RISTA前沿大讲堂

Toward Physics-native Intelligence: World Model, Data Structure and Training Algorithm

Toward Physics-native Intelligence: World Model, Data Structure and Training Algorithm

Toward Physics-native Intelligence: World Model, Data Structure and Training Algorithm

As artificial intelligence advances beyond vision and language processing toward embodied systems—including autonomous driving and robotics—prevailing deep learning paradigms are confronting fundamental challenges. This talk presents a systematic overview of physics-native intelligence (Phi), covering its core design principles and methodologies for constructing its world model, data structure, and training algorithm. Four representative physics-native algorithms are elaborated: (1) RAD: A neural network optimizer engineered with built-in symplectic preservation to guarantee long-term training stability. (2) DACER: A reinforcement learning algorithm that equips neural network policies with the capacity to model multi-modal action distributions. (3) RACS: A ternary iteration framework for addressing safety constraints, which jointly learns the feasible region and optimal policy with provable monotonicity and convergence guarantees. (4) BOOM: An algorithm enabling bidirectional co-improvement with reliance on world model. By internalizing planning capabilities directly into the policy, it substantially enhances sample efficiency.
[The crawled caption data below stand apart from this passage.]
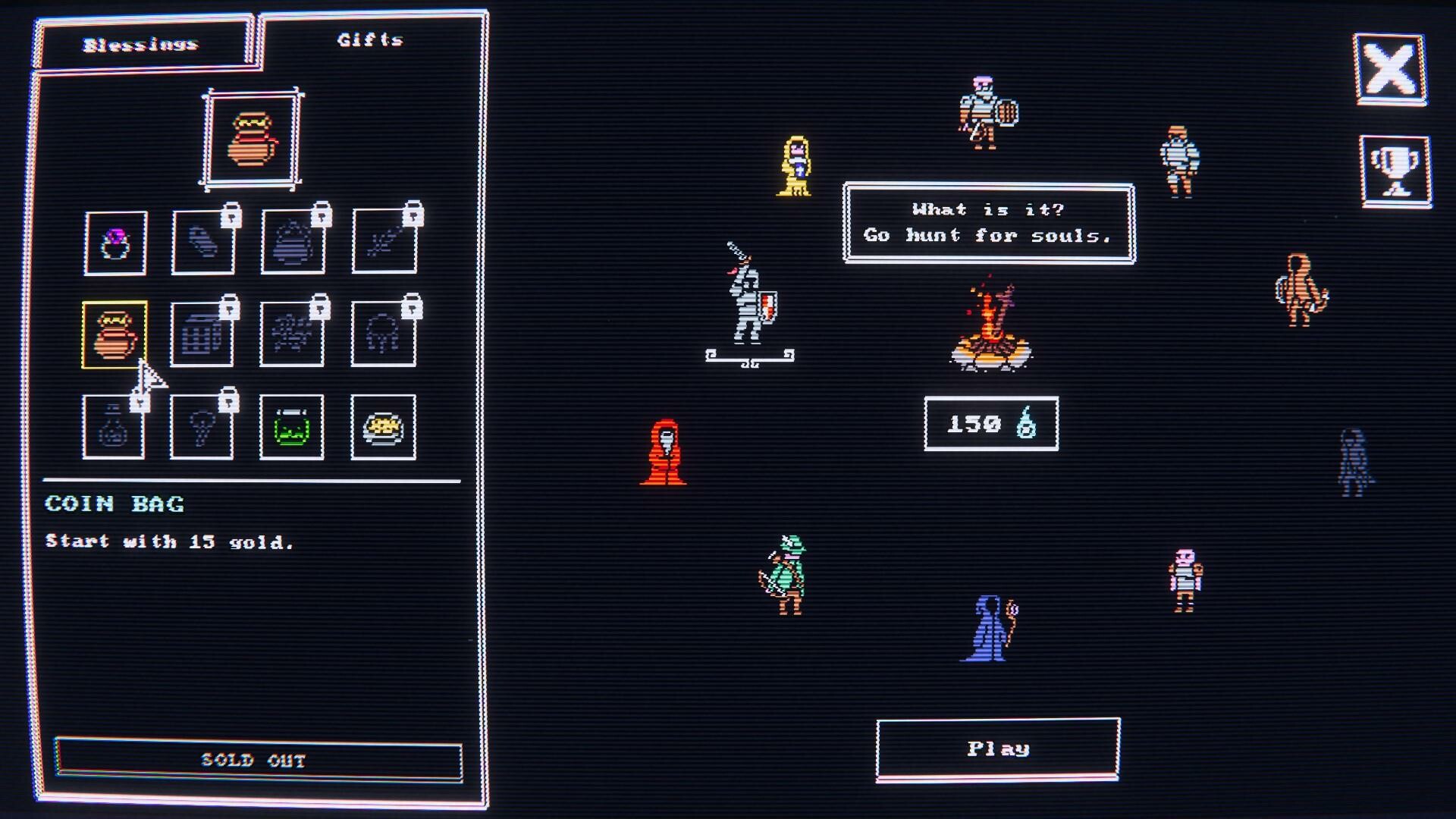 Tiny Rogues PC Steam Account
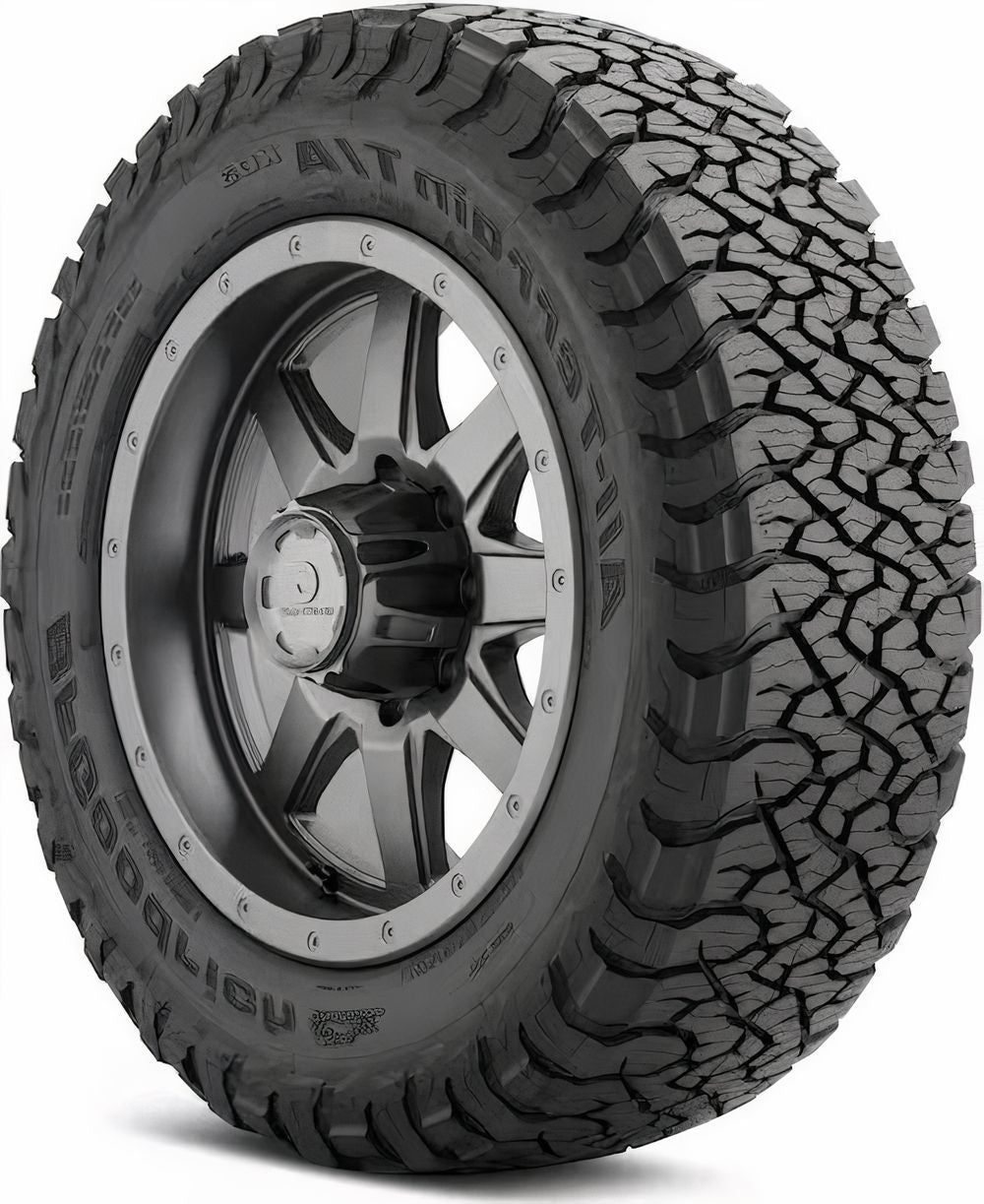 BFGoodrich All Terrain TA KO3 265/70R17
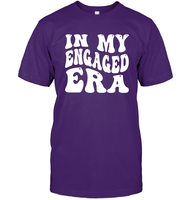 In My Engaged Era Shirt Unisex Short Sleeve Classic Tee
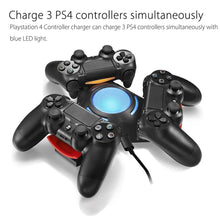 Controller Charger Station For PS4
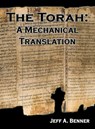 The Torah - Jeff A Benner - 9781949756340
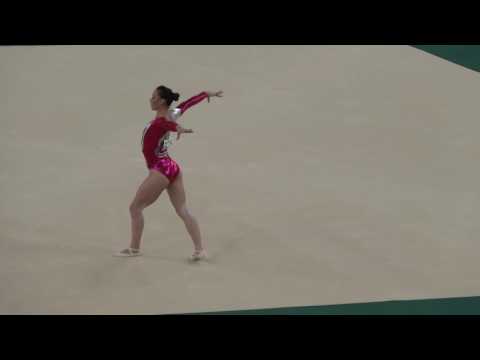 Catalina Ponor (ROU) - floor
李升波,清华大学车辆与运载学院、人工智能学院 教授/博导。入选国家高层次领军人才、教育部青年科学奖获得者、交通部科技创新领军人才等。他的研究构建了物理原生智能(Phi, physics-native intelligence)的模型、数据、算法设计框架,围绕绝对安全性保障理论,强化学习三元迭代算法,辛几何神经网络优化器,多模态隐式世界模型,几何约束贝叶斯滤波器及其自动驾驶/机器人应用做出了重要贡献。曾获国家科技进步二等奖、国家技术发明二等奖、中国汽车工业科技进步特等奖、中国自动化学会自然科学一等奖等。担任中国汽车工程学会人工智能分会首任主任、中国自动化学会汽车控制与智能化专委会副主任、中国智能网联汽车产业创新联盟人工智能工作组组长等。